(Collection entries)
───
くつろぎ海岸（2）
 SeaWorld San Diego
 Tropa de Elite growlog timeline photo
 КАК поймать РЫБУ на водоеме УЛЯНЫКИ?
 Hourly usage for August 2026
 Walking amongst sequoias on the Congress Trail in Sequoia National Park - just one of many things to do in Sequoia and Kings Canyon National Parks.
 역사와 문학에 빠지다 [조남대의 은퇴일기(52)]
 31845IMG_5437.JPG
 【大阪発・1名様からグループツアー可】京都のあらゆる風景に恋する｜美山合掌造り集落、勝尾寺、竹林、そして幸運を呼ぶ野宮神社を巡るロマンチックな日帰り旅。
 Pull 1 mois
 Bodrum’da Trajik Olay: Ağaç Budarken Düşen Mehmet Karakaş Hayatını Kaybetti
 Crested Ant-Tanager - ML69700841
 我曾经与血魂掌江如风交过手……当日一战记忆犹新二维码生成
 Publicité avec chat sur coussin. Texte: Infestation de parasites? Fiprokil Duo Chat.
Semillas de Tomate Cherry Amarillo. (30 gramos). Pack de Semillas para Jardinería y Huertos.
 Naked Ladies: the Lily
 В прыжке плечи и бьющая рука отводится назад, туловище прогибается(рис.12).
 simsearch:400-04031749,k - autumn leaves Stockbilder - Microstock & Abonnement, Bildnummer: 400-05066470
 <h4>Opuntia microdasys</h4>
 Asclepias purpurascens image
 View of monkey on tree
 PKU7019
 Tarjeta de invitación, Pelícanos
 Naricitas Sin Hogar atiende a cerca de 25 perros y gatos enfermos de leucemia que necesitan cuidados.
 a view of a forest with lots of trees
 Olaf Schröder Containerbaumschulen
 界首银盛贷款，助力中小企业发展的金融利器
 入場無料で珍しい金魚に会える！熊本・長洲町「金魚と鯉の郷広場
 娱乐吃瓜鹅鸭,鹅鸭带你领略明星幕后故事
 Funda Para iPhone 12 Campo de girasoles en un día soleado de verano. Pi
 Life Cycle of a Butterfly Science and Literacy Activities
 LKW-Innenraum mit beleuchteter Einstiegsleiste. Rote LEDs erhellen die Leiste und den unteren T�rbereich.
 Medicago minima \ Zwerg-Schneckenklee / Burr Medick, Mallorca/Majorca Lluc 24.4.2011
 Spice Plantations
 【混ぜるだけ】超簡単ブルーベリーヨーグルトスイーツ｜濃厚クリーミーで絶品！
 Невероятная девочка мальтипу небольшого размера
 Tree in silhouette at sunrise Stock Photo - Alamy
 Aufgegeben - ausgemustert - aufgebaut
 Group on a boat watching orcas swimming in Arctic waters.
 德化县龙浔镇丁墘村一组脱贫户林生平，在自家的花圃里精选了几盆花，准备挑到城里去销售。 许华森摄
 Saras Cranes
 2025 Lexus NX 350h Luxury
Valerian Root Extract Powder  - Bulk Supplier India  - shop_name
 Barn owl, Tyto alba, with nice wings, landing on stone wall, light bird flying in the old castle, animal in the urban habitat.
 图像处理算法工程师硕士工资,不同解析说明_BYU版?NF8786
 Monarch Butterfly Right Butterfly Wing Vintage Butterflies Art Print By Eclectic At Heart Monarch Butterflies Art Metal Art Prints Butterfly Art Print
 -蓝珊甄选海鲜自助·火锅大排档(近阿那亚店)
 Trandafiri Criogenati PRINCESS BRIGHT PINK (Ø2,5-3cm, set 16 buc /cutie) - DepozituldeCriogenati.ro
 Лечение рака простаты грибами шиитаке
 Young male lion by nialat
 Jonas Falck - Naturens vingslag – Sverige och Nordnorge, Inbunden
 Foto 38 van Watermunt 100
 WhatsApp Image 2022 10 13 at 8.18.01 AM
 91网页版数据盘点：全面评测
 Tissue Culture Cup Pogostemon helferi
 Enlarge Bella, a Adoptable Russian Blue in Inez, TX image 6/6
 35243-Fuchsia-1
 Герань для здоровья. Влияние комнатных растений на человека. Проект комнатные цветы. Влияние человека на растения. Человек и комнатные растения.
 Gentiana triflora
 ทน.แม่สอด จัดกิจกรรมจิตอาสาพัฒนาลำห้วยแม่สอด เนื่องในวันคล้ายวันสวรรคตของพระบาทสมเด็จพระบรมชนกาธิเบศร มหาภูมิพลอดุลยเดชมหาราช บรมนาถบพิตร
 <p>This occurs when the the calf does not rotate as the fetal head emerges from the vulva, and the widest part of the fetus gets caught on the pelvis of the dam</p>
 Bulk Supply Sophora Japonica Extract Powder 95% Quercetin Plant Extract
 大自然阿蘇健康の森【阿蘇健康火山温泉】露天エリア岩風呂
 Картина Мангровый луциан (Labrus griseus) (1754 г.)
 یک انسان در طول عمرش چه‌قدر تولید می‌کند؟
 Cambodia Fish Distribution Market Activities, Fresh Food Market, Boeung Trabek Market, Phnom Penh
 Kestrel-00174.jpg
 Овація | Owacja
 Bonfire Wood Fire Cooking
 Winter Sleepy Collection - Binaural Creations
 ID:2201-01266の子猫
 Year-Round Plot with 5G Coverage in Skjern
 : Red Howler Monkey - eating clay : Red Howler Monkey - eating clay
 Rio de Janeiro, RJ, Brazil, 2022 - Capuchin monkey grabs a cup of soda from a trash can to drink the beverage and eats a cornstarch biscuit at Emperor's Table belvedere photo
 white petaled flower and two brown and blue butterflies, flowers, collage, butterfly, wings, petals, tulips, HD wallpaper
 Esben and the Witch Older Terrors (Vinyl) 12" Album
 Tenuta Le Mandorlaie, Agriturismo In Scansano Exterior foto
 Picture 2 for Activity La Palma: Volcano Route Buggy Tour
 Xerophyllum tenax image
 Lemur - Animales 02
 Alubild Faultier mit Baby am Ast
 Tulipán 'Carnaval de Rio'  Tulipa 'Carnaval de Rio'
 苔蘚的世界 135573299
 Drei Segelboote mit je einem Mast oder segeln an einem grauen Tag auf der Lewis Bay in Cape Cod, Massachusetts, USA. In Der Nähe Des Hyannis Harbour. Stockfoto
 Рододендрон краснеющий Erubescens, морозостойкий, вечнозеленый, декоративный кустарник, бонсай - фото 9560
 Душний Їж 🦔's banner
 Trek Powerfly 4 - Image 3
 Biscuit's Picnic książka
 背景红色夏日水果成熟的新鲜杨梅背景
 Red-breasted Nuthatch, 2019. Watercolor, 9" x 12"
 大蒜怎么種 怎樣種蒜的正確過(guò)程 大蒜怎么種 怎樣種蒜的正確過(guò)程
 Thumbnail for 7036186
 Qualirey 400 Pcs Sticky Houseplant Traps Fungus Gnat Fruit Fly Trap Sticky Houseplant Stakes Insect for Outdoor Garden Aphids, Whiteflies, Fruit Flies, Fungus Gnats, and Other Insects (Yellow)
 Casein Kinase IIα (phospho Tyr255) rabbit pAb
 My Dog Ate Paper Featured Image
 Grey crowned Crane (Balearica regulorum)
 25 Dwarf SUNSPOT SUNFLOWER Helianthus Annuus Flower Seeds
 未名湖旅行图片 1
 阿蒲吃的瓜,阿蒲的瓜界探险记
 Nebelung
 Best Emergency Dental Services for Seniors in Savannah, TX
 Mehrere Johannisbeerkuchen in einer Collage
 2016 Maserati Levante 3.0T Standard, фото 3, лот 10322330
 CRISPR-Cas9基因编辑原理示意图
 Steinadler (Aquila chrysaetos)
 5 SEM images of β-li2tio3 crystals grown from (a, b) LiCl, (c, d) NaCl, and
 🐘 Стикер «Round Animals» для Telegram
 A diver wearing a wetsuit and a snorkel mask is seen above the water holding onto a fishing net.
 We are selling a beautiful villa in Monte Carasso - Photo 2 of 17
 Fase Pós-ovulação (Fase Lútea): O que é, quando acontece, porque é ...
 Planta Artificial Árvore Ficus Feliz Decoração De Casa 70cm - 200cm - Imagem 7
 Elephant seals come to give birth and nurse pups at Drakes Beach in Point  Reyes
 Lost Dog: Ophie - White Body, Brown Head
───
About this exercise: The expected reply is a number only, the tally of lines in the data where the word "Round" is found.

Output for this exercise: 2